DENVER – In Colorado in 1969, John Love was governor, a gallon of gas cost 35 cents and there was no such thing as email. You had to spend 6 cents to send a letter that might take a couple of days to get there.
Just like in other parts of the country, Colorado also had its share of protests over the Vietnam War and civil rights, including what is called the “Blowout” at West High School.
Emanuel Martinez was part of the Crusade for Justice that helped organize that protest. The Crusade was a Chicano rights organization led by Corky Gonzales that stood up against racism and segregation.
In March 1969, Martinez, Corky and other civil rights leaders stood up with students at Denver’s West High School who had reached a boiling point, demanding better schools and teachers after enduring racist treatment and hostile remarks about their language, food and culture.

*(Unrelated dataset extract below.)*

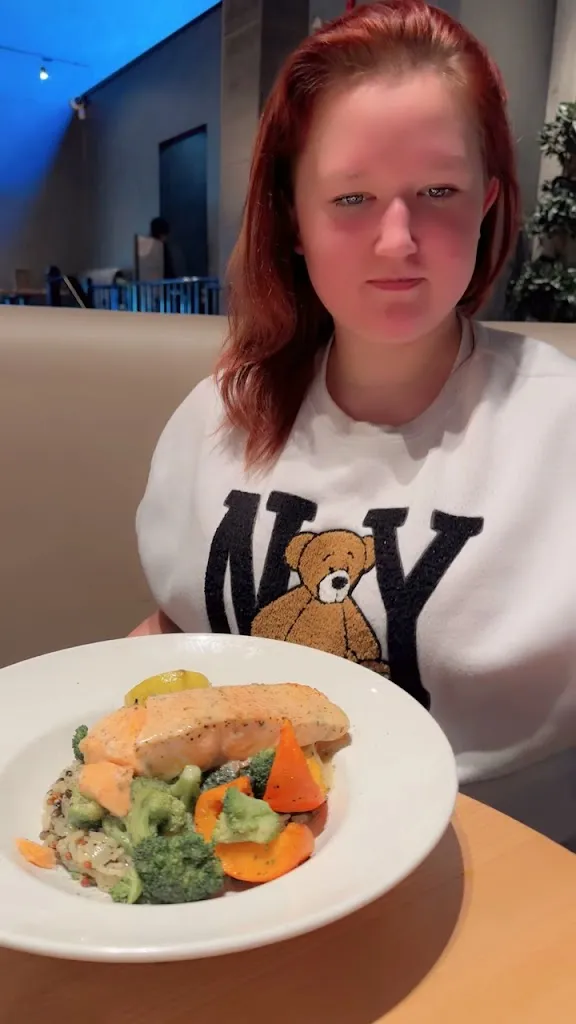 Moxies Lethbridge Restaurant_Albeta_slider_image_2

Television footage from those days shows students and protesters being met by Denver police in riot gear, carrying tear gas and batons.
“There was a lot of commotion going on, kids running all different directions and police grabbing everybody,” Martinez said when describing how he and others were arrested on the first day of the protest. “My charge, like most everybody else, was assaulting the policemen. Thank goodness all the television stations were there. Their films were subpoenaed, and it showed exactly what happened.”
Fifty years later, Martinez is a world-renowned artist whose murals and sculptures can be found all around Denver and beyond.
“My whole mission was to do artwork that did give identity to the Chicanos and also some historical pride and cultural pride that was lacking in the school system,” he said.
Right now, Martinez is spending his spare time organizing his archives. His letters and awards have been requested by the Smithsonian, where some of his work is displayed.
He’s gotten some help in the process by his daughter, Mia Martinez Lopez. She’s an assistant principal at West Early College, one of two schools that call the old West High School building home.
“I find it very special that my very first office … the view from my office was the same place where my dad stood during the blowouts,” Martinez Lopez recalled when discussing her first days in the West administration a decade ago.
Since then she’s made sure today’s students know the school’s history, including the protests of 1969.
“It is shocking for them sometimes to hear that in 1969 and before, students were not allowed to speak their native language, which is often Spanish, and/or learn about their own histories,” she said.
And it’s not lost on her that having a Chicana school administrator is one of the things her father and others were fighting for.
“I feel a strong commitment to that community not just to educate -- because that's of course who I am -- but at the same time to be that face.”